The SFPD says it has arrested one of the bike thieves who assaulted six people biking on the Panhandle in October and stole their bikes. Lieutenant Jason Sawyer of SFPD Park Station’s Investigations Unit said police “have no doubt” that the juvenile male was one of the assailants who threw bottles at bike commuters and jammed sticks into their spokes late at night.

Sawyer said police caught the suspect by setting up a sting after one of the victims saw their bike on sale on Craigslist. The victim contacted police, who initiated a faux sale to arrest him. Typically, bike thieves sell the bikes to a third party first, he said.

“He was not the smartest crook,” said Sawyer. “He basically committed the crime, and was right there selling the bike as well.”
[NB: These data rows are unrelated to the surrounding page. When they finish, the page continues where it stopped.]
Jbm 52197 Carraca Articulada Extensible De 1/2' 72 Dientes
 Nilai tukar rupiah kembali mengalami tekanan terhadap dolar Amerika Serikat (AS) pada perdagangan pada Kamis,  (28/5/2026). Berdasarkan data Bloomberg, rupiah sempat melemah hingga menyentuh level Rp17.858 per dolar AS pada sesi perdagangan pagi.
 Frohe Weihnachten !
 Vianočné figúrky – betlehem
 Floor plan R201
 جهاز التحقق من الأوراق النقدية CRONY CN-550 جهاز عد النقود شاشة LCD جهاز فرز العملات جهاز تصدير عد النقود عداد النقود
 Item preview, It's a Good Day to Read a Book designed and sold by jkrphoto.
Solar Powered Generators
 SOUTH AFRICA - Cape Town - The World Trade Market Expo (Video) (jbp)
Police must still prove that the suspect was directly involved with the attacks, but they “have no doubt,” Sawyer said. “As soon as he knew we were looking at him, all these robberies stopped. There were a rash of them within a few days — all very violent. Nothing since.”

In a blog post, the SF Bicycle Coalition gave “many thanks to the SFPD for responding swiftly to our calls, and for following through on the investigation.”

“Biking on the Panhandle needs to remain safe and comfortable, serving as a busy and important connector for people biking between the Eastern and Western neighborhoods of our city,” the SFBC wrote.

Sawyer said police can’t release many details on the ongoing investigation, or information about the suspect, because he’s a juvenile. He has been charged with possession of stolen property in the juvenile court system, but charges for the robberies haven’t been brought yet since the victims haven’t been able to identify their assailants. “It was dark and they were very terrified,” he said.

“We know he did it; he knows that we know he did it,” said Sawyer.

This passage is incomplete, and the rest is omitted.